= Extreme Risk Protection Order Act =

The Extreme Risk Protection Order Act is federal gun control legislation to support State, Tribal, and local efforts under "red flag laws" to remove access to firearms from individuals who are considered a danger to themselves or others. Sen. Richard Blumenthal introduced such legislation in March 2018, in the 115th U.S. Congress; and Dianne Feinstein introduced such legislation in February 2019, in the 116th U.S. Congress. The House version of her legislation was introduced by Rep. Salud Carbajal and re-introduced on 14 February 2019, one year after the Stoneman Douglas High School shooting.

Sen. Marco Rubio also introduced a similar bill, the Extreme Risk Protection Order and Violence Prevention Act, and Rep. Lucy McBath introduced a Federal Extreme Risk Protection Order Act which is identical to a bill introduced in the Senate by Blumenthal and Graham. The provisions of McBath's bill, creating a process for petitioning to U.S. District Courts, were incorporated as amendments to the bill that was reported out of the House committee.

==Provisions==
The Feinstein legislation states, "If the court finds by a preponderance of the evidence that the respondent poses a danger of causing harm to himself, herself, or others by having access to a firearm, the court may issue an extreme risk protection order." Also, an ex parte extreme risk protection order can be issued if "the court finds there is reasonable cause to believe that the respondent poses a danger of causing harm to himself, herself, or others in the near future by having access to a firearm."

The legislation also amends 18 U.S. Code § 922(g) to make violation of such orders a federal felony.
In order for a state to get grants under the Act, it has to enact a red flag law meeting certain requirements, such as allowing family members, rather than only police, to petition the courts. Rhode Island, for example, would be unable to get grants under the Act without strengthening its red flag law.

A provision by Rep. Ken Buck (R) proposed "allow the issuance of a red flag order against anyone whose name appears in a gang database if there was probable cause to include that individual in the database". Rep. Eric Swalwell (D) requested to add "individuals affiliated with white nationalism" to the amendment as a Red Flag Indicator in exchange for her support. Rep. Ken Buck agreed, with the stipulation that "any type of supremacy" should be included, and revised the provision accordingly. The amendment failed 11–21 on September 14, 2019.

==Congressional action==
Feinstein and Blumenthal argued that federal legislation is needed because "there is still no nationwide tool that would allow law enforcement and the courts to prevent tragedies like Isla Vista."

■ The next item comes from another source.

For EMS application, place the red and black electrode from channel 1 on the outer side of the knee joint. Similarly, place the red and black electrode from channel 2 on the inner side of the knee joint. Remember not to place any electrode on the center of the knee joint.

Shortly after the 2019 El Paso shooting and 2019 Dayton shooting, Senate Judiciary Committee Chairman Lindsey Graham announced his support for such legislation, stating that "grants will be given to law enforcement so they can hire and consult with mental health professionals to better determine which cases need to be acted upon." Feinstein and Rubio urged Graham to take up their bills. Blumenthal welcomed Republicans' openness to the plan as a "bipartisan breakthrough" and "major promising development."

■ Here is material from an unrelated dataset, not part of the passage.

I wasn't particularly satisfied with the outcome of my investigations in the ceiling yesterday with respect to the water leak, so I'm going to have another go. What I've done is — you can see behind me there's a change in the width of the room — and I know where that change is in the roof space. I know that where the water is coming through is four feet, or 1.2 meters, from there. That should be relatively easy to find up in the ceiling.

Such legislation is also supported by Democratic presidential candidate Pete Buttigieg.

According to Senate Minority Leader Charles Schumer, Democrats will try to require any red flag measure that comes to the Senate floor be paired with a vote on legislation establishing universal background checks. He noted that Republican bills being proposed do not require states to adopt red flag legislation. Schumer said that Democrats would not accept a half-measure, arguing, "The notion that passing a tepid version of an Extreme Risk Protection Order (E.R.P.O.) bill — alone — is close to getting the job done in addressing rampant gun violence in the U.S. is wrong and would be an ineffective cop-out."

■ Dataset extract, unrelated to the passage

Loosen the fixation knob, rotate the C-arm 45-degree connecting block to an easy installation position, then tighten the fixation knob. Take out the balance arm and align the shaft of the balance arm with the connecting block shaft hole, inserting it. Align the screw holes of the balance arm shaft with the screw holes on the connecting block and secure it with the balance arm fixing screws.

Senate Majority Leader Mitch McConnell said he expects background checks, assault weapons and red flag laws to be part of September's Senate debate about measures aimed at addressing gun violence. He remarked, "What we can't do is fail to pass something." Sen. John Barrasso, the third-ranking Senate Republican, said he had "a lot of concerns" about red flag laws.

On June 9, 2022, the House passed (Federal Extreme Risk Protection Order), a bill to nationalize red flag laws, which seek to keep guns away from individuals deemed a threat to themselves and others.